[MATERIAL SHOWN — start]

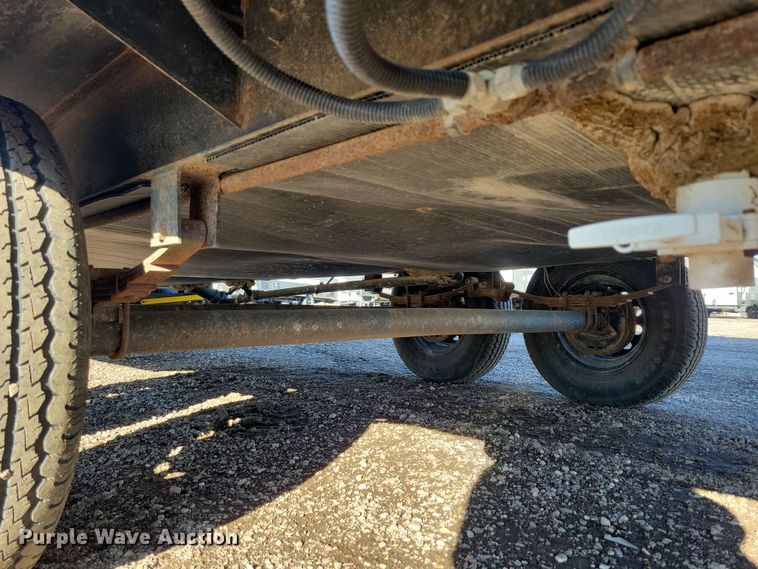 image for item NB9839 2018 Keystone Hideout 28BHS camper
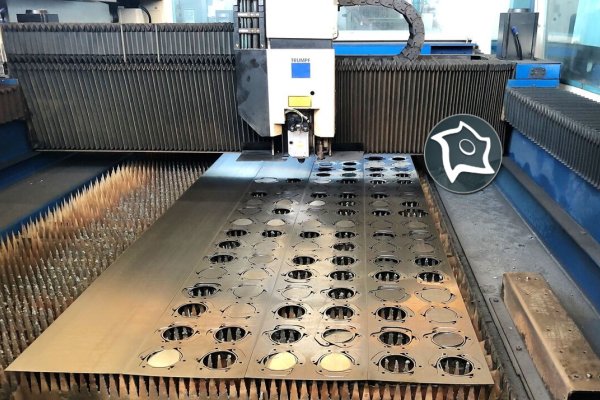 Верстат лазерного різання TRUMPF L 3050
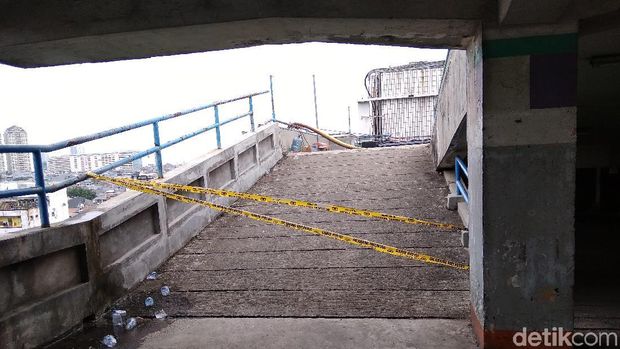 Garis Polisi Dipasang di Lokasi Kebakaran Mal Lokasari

[MATERIAL SHOWN — finish]
[MATERIAL SHOWN — start]

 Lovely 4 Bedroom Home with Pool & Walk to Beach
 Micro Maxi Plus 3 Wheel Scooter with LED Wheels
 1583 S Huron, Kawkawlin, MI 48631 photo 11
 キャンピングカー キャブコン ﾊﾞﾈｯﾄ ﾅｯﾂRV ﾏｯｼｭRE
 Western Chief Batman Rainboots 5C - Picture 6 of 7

[MATERIAL SHOWN — finish]

* **WHAT YOU SHOULD DO**
From the records above, quote only the lines running from the line with "キャンピングカー キャブコン ﾊﾞﾈｯﾄ ﾅｯﾂRV ﾏｯｼｭRE" to the line with "Western Chief Batman", both lines included.

* **SOLUTION FOR THIS TASK**
 キャンピングカー キャブコン ﾊﾞﾈｯﾄ ﾅｯﾂRV ﾏｯｼｭRE
 Western Chief Batman Rainboots 5C - Picture 6 of 7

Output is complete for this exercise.